Dieses Cover hat Symbolcharakter - als erstes Plus-Size-Model zierte Ashley Graham im Februar diesen Jahres Den Titel der „Sports Illustrated“.
Das erfolgreichste XL-Model der Welt designte schon für ""Addition Elle"" und stand anschließend selber vor der Kamera. Ja, kurvige Models sind im Mainstream angekommen. Berühmte Plus-Size-Models wie etwa Robyn Lawley, Candice Huffine oder eben auch Ashley Graham sind längst zu Stars der Modeszene geworden. Sie haben mehrere Millionen Follower auf Instagram und Aufträge von großen Labels. Kein Wunder, dass Paparazzi Ashley und Co. längst nicht mehr unbeachtet lassen.

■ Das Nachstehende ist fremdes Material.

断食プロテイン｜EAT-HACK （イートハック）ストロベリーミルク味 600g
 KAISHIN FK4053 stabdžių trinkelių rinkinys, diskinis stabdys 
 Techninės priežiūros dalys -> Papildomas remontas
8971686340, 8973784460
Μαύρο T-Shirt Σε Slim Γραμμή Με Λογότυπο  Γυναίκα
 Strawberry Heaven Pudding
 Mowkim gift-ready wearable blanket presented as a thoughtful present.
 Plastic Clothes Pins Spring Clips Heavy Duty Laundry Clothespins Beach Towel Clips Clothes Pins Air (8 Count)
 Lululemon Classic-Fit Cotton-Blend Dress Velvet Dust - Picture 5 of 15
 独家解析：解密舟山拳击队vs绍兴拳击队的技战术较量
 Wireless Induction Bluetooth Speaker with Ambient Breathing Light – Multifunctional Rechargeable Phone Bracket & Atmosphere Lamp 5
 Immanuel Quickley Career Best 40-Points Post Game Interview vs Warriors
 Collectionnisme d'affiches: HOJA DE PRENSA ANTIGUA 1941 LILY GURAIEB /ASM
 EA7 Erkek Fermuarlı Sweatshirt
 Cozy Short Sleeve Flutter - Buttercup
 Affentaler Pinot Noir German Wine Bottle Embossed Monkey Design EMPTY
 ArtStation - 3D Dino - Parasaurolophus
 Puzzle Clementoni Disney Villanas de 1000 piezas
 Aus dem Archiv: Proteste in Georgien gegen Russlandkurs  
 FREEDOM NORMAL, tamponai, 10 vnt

Eine Entwicklung die David Watkinson, Chef der britischen Modelagentur 12+, die sich auf kurvige Models spezialisiert haben, freut. Er sagt: „Die Brands haben gemerkt, dass sich etwas verändert hat“. Und damit hat er garnicht so unrecht. Modelables wie Victorias Secret, die quasi definieren was sexy ist, sollen derzeit an Plus-Size-Kollektionen arbeiten. Ein schöner Trend, denn er beweist: Man muss nicht Kleidergröße 34 tragen, um sexy zu sein.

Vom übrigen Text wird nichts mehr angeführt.